Monday, November 16, 2009

My Saturday at a funeral - a long post

Things have been kind of bleak recently, but I had a very interesting weekend. Rae Chi's grandmother died and I was invited to come to the funeral, which was a fairly traditional Daoist ceremony. I'm sorry I don't have any photos, though I'm not sure that would have been ok. Anyway, we got to the location and there was a huge tent set up, filled with flowers and shrines of various sorts. Big paintings of various Gods were around and apparently the grandmother's body was in a back room (I didn't go see that). I just sat outside and had tea for a little while. Then I went into the tent to listen and see. All women wore white hoods, daughters and grand daughters hood had a little red dot on theirs. One grand daughter had a red hood because she is getting married in the next two months. Male descendants wore white bandannas around their heads, again with red dots for direct descendants. Husbands of daughters had special hats - that's what RC's father wore. I wore the white strip around my arm since I'm not married. It's interesting to once again see how important family relations are in this culture. It's clear in the language, where each family relation has a different name, so where we just say "cousin," the chinese indicates which side of the family, gender, and older or younger. It's so clear at a funeral where family ties are being re-emphasized. And for someone like me, who has no extended family at all and is an extreme example of American individualism (in my disconnect from a hometown, shared values, tribal identity,etc.), it feels a little bit like being a Martian visiting earth for the first time.

Anyway, blah blah blah. For a while, the daoist priest said various prayers in Taiwanese and when he bowed we all bowed. Eventually we sat down then stood up again and bowed some more. Along with his prayers, there was a strummed instrument that sounded a little bit like a banjo but playing Chinese scales. I enjoyed that very much. Then, we all turned sideways towards a shrine and various bowls of food were passed from person to person. We bowed with the food, offering it I guess, and passed it to the next person. There were continued prayers, then we took a break and had some tea. The kids stared at me and asked various questions about Americans, but they were scared to ask me so they asked Rae Chi while staring at me. The one who was around 12 had been interested when he heard I was American, but once I told him I don't have a nuclear weapon or a gun, he was disappointed and lost interest. I guess I would be more interesting if I had a nuclear weapon, to be fair.

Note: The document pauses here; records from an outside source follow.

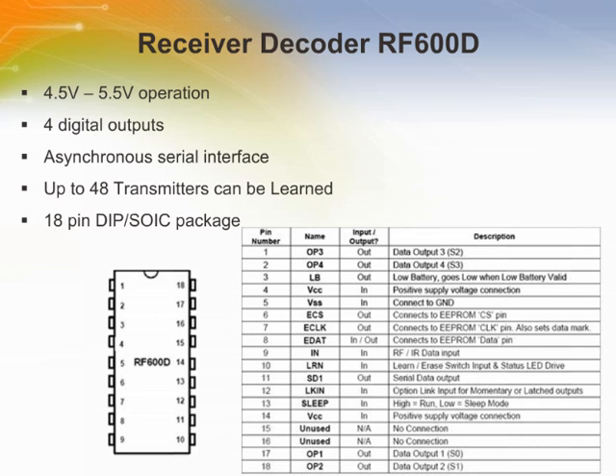The RF600D decoder is simple to use. In standalone operation, the RF600D has the capability to learn up to 7 unique RF600E transmitters. With the addition of a double EEPROM memory device, this is increased to 48 RF600E encoders. The RF600D is connected directly to the data output of a radio receiver module and, upon detection of a valid data packet, it will decode the Key Lock encrypted data stream.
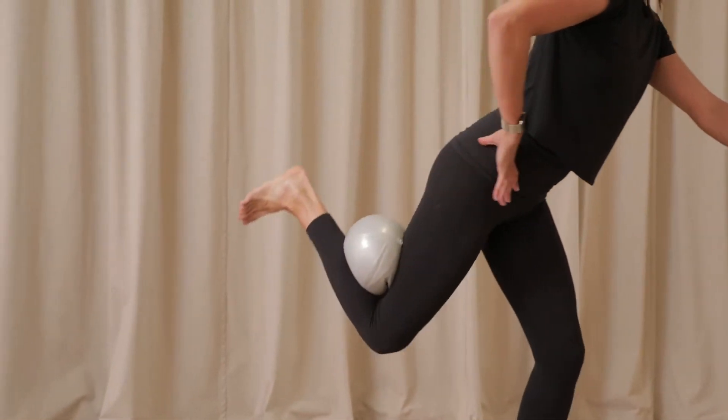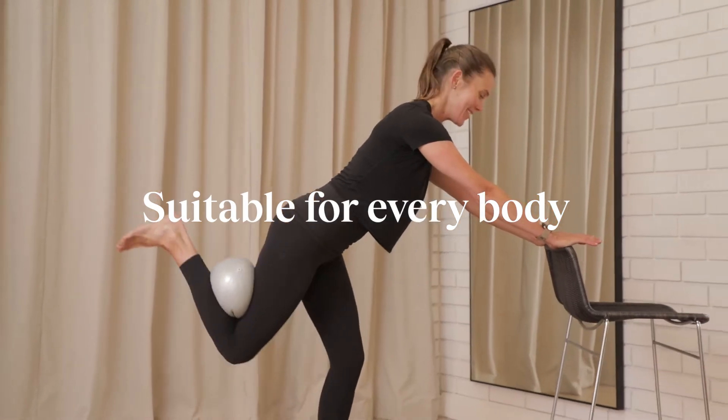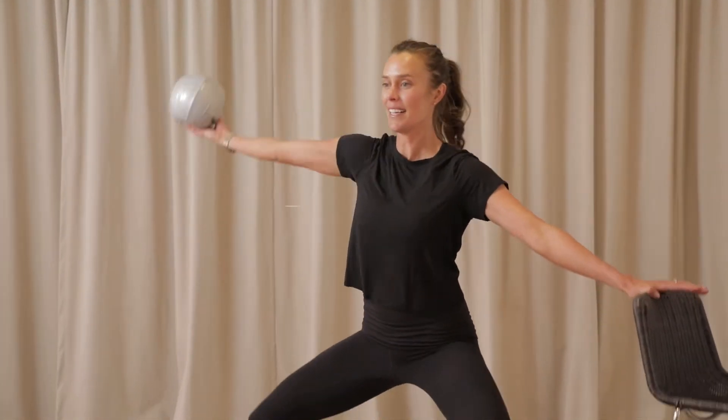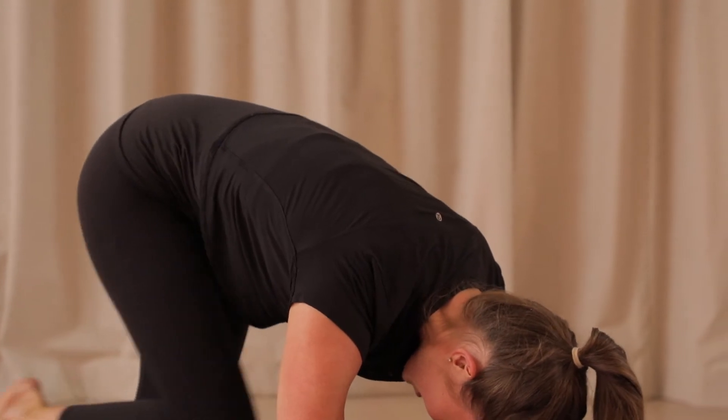Slowly send that leg back behind us, feeling that connection between your heel and your sit bones. Stability through that left side and push away from reaching up and over. Really draw that knee back in towards your chest.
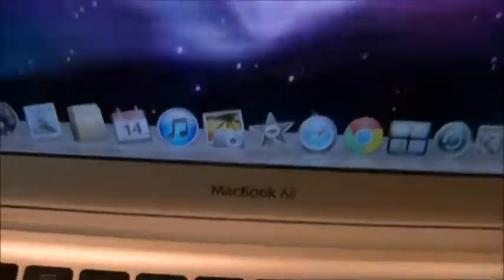I got a new job and decided to spoil myself a little bit, so I got a new laptop. It's not really new, but it's new to me. It's pretty cool though — it's a MacBook Air.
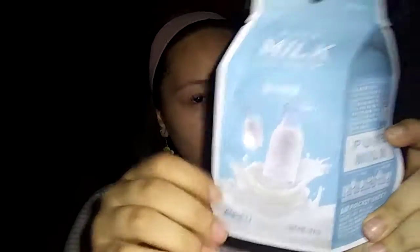The face mask I'm doing today I got at Target — it's the Pure Milk One Pack Face Mask. I believe the brand is Apieu, or something like that. I believe it's French. It just looks like a milk carton, which is really weird because I think the only face mask I've ever had came out of a tube. I got it for I think $1.99, maybe $2. I thought it was going to be like $5, but pretty happy with it.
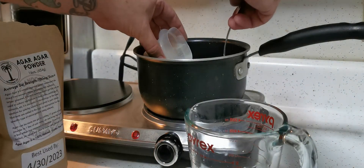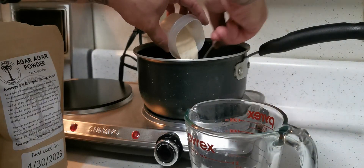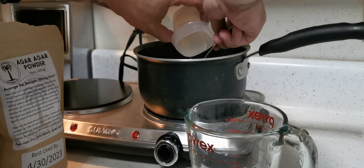We're going to add the ingredients to the water cold and stir them in. If the water is hot, the ingredients can clump up and it's harder to dissolve them.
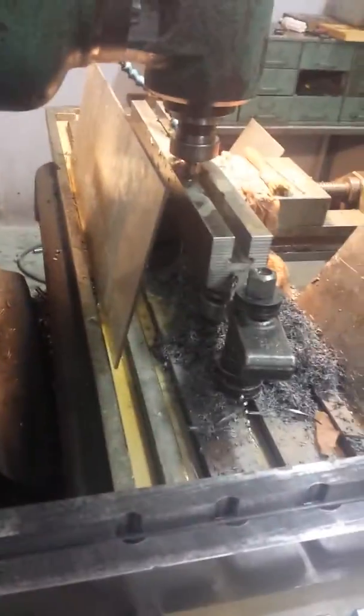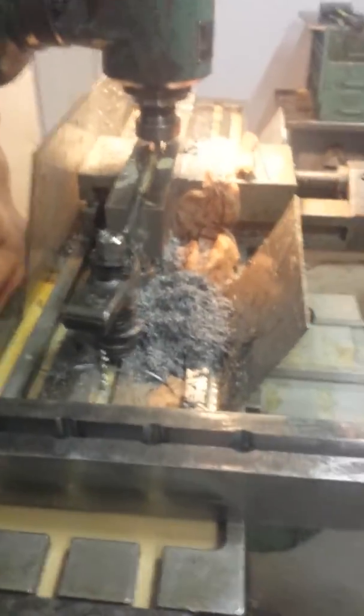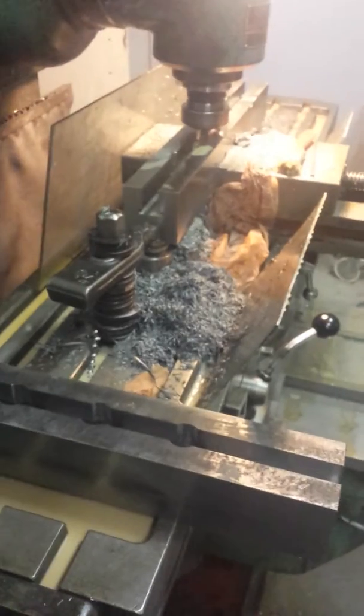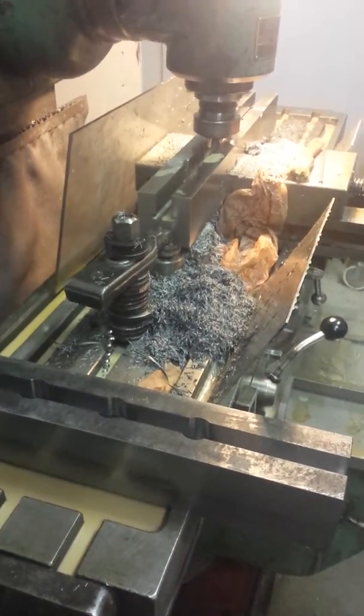I'm in the process of making some width extensions to my milling table. I'm about to mill a structural steel tubing that's two meters long and 200 millimeters wide, so I cannot clamp it down to the table.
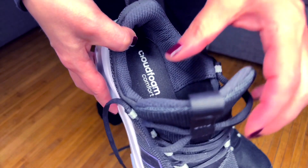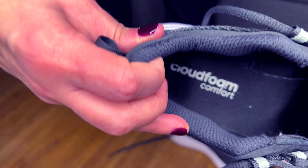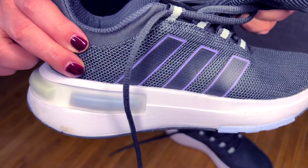These Adidas CloudFoam running shoes are super comfy and lightweight. They're made with recycled materials and have a CloudFoam memory sole for supreme cushioning.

So, the three women in bright costumes (one yellow, one green, one red) showed up and started dancing with the banjo like thingy and priest, who's prayers were kind of song like. They started doing splints and cartwheels and flips over each other and the music got faster, which I really liked. No drums, but percussive when he got fast enough. People put some $$$ on a tarp and the girls started stacking rickety wooden stools, then tables, then some more rickety plastic chairs until the stack was near the top of the tent, maybe 10 feet high. Each time they stacked a new level, they would each do a deep back bend off the top, reach their head down and pick up a bill with their mouths. Apparently, these bills are the tips for them. They would put the $$ in a compartment of a little shrine in front of the priest that had blinking christmas lights on it. At it's highest point, multiple people had to hold the stack of rickety furniture, the other two girls had to hold the bending girls feet, and she would backbend onto a table she could barely reach, then, $ in mouth, flip onto the ground. It was really interesting, though I'm not sure what it meant as far as the funeral was concerned. Maybe they represent some spirits who will help the grandmother's soul find her way, but I'm not totally sure about that.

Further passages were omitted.